A new eight-dimensional conformal gauging solves the auxiliary field problem and eliminates unphysical size change from Weyl’s electromagnetic theory. We derive the Maurer–Cartan structure equations and find the zero curvature solutions for the conformal connection. By showing that every one-particle Hamiltonian generates the structure equations we establish a correspondence between phase space and the eight-dimensional base space, and between the action and the integral of the Weyl vector. Applying the correspondence to generic flat solutions yields the Lorentz force law, the form and gauge dependence of the electromagnetic vector potential and minimal coupling. The dynamics found for these flat solutions applies locally in generic spaces.
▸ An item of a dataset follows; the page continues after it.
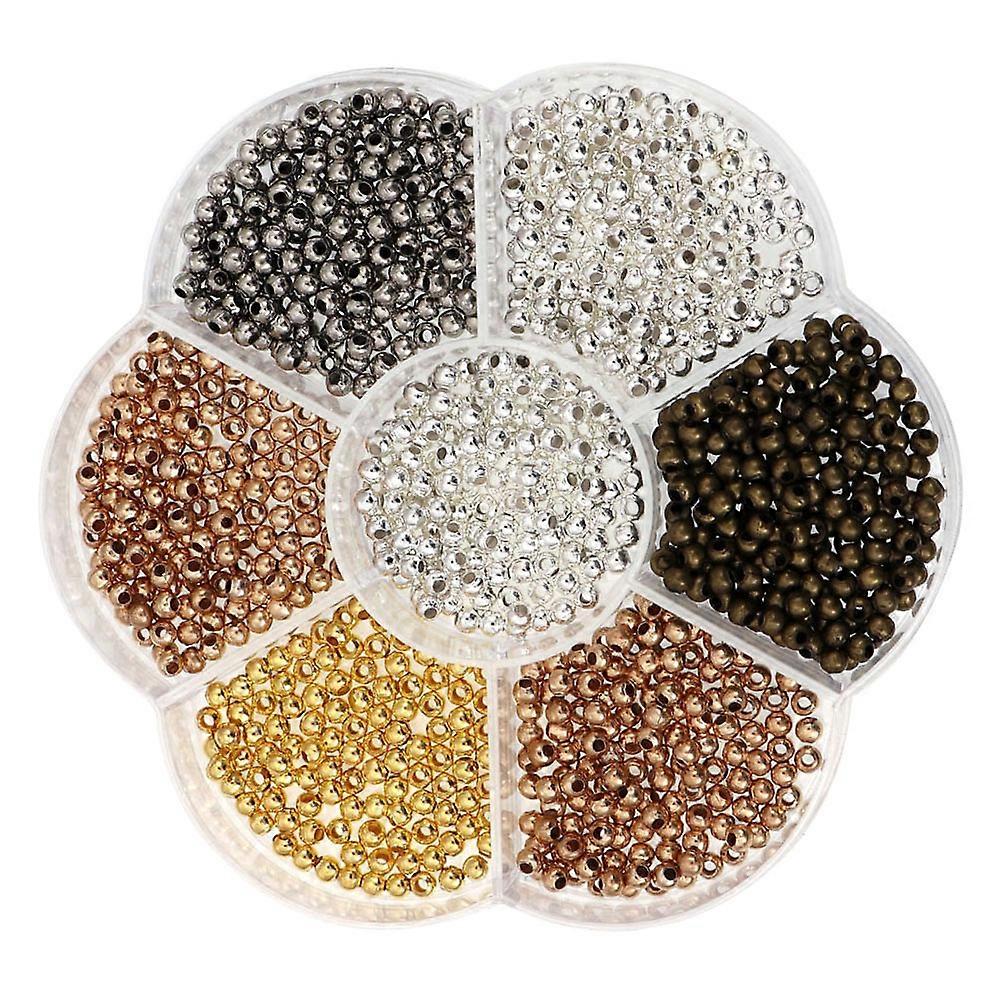 2800Pcs DIY Creative Beads Copper Spacer Beads for Craft Making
We then provide necessary and sufficient curvature constraints for general curved eight-dimensional geometries to be in 1–1 correspondence with four-dimensional Einstein–Maxwell space–times, based on a vector space isomorphism between the extra four dimensions and the Riemannian tangent space. Despite part of the Weyl vector serving as the electromagnetic vector potential, the entire class of geometries has vanishing dilation, thereby providing a consistent unified geometric theory of gravitation and electromagnetism. In concluding, we give a concise discussion of observability of the extra dimensions.